Anyone here played Puzzle Strike? I saw it at Card Kingdom the other day and looked interesting.
It’s by the same guy who designed Yomi, and is a deck building game that uses chips pulled from a bag instead of cards drawn from a deck. I like other deck builders better, and the best way to see if you’d want to pay money for it is to play the free online version here: http://www.fantasystrike.com/dev/
(Click the Puzzle Strike icon at the top, as it defaults to Yomi.)
Totally agree with Tracy on this. Summoner Wars is a brilliant design. I think I’m going to get my regular game group on board with it by running a tournament this year.

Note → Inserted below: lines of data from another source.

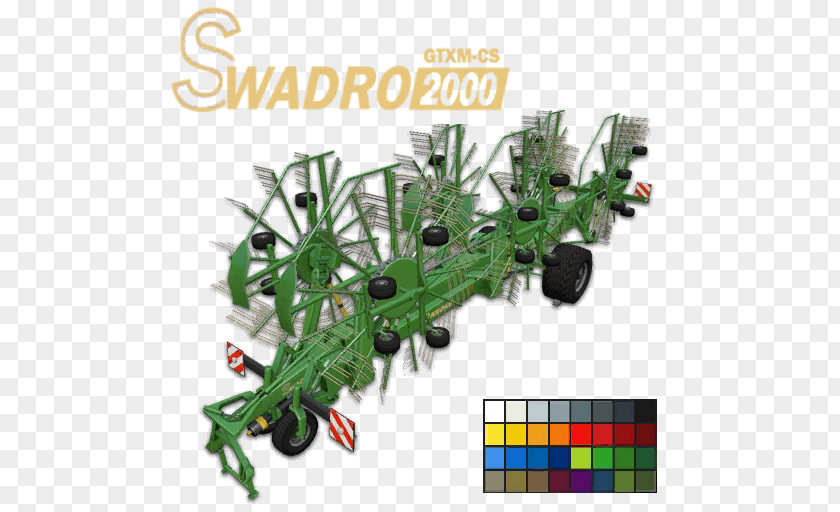 Farming Simulator 15 Swather Lawn Mower Straw PNG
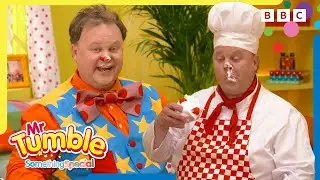 Messy Fairy Cakes! 🧁 | Mr Tumble and Friends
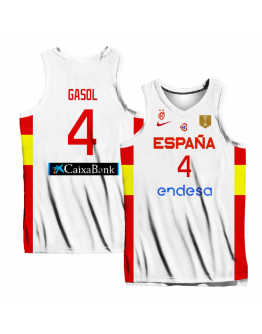 Pau Gasol Spain Jersey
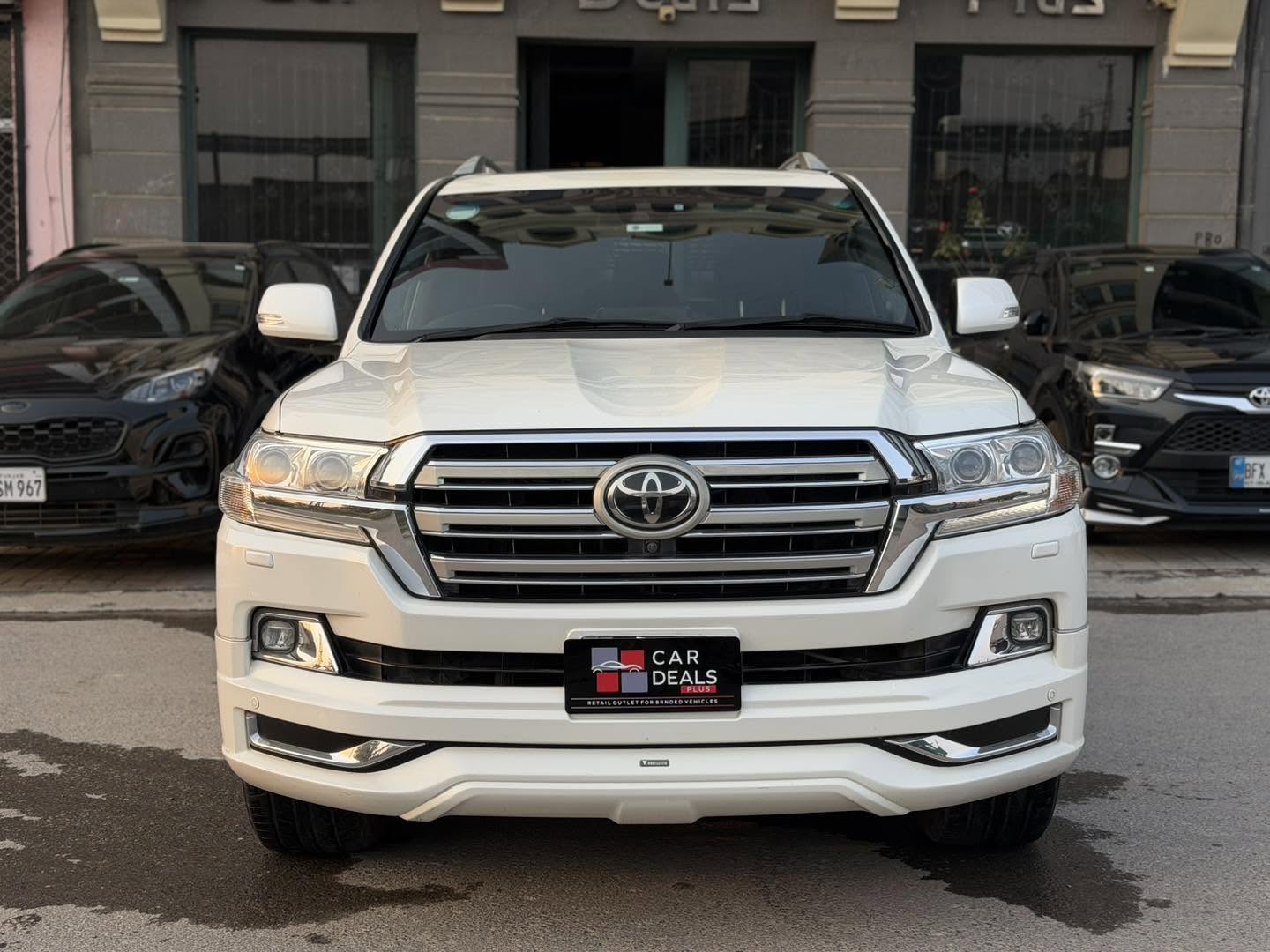 Toyota Land Cruiser ZX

SW will be our warm-up for the first hour of every game night.
yeah, I got most of that from the box. Didn’t know about the online trial, though- thanks for that, I’ll check it out.
I was just looking more for general impressions from people here. Bear in mind that I’m not that into deck-building games (I don’t really dislike them, but I don’t really like them either), but I do like synergy/combo mechanics (Alien Frontiers is aces). How does it play with 3-4 players? It seems to have a lot of interaction, but does that boil down to a couple of players fight, and the other(s) run away with it?
It’s Dominion as a fighting game. I really like it as a two-player game; as a multiplayer game, it suffers from the part where you attack clockwise, so if you’ve got a bad player to your left and a good one to your right, it’s the guy to your right who’s going to win the game.
SlyFrog
3036
I didn’t say they are unrelated. I just think they are boring. The game leaves me cold.
When I think of a good themed game, I don’t think of sliding little cards around on a grid. To me, the game is essentially an abstract with pasted on theme. You could easily have the units in summoner wars be space aliens instead of dwarves and goblins with no impact to the game whatsoever.
In fact, it’s clear the game is intentionally designed that way to be modular and permit expansions. That’s fine, but it does nothing for me.
FFG makes games I want to play. they also seem to have found the right balance of fiddly and compact. I really am looking forward to this one. (mostly because my group likes the Doom boardgame, but none of us want to be the bad guy)
This thread is huge so I apologize for being a tad lazy in advance. Inspectigater and I are trying to put together some board game nights (Omnicsia, send me a PM if you want in) and I was wondering if any of you Qt3’s have any suggestions for good co-op board games?
Holy crap. By that standard practically every game is, “essentially an abstract with a pasted on theme.” Any game can be reduced down to its mechanisms and summarily dismissed. Most could be completely rethemed with no impact to the game whatsoever.
Like I said, I can understand if you just don’t like it. There are plenty of highly-regarded games that leave me cold, too. It’s just that your summary of the game’s faults is an indictment of board games in general, not SW specifically.
JM1
3040
There’s a better post somewhere in the thread about co-op games. In terms of what I’ve played, and in order of how likely they are to appeal to people:
Pandemic (+expansion, pretty crucial) - very easy to get into, theme seems to amuse people, fairly short games
Space Hulk: Death Angel - tough, great theme if you like 40K or sci-fi, not great if you don’t, can lead to people sitting out games due to being killed
Arkham Horror - basically a madcap RPG set in the Lovecraft mythos. Great for D&D nerds and people who value story above smooth gameplay. Terrifically complex and very difficult.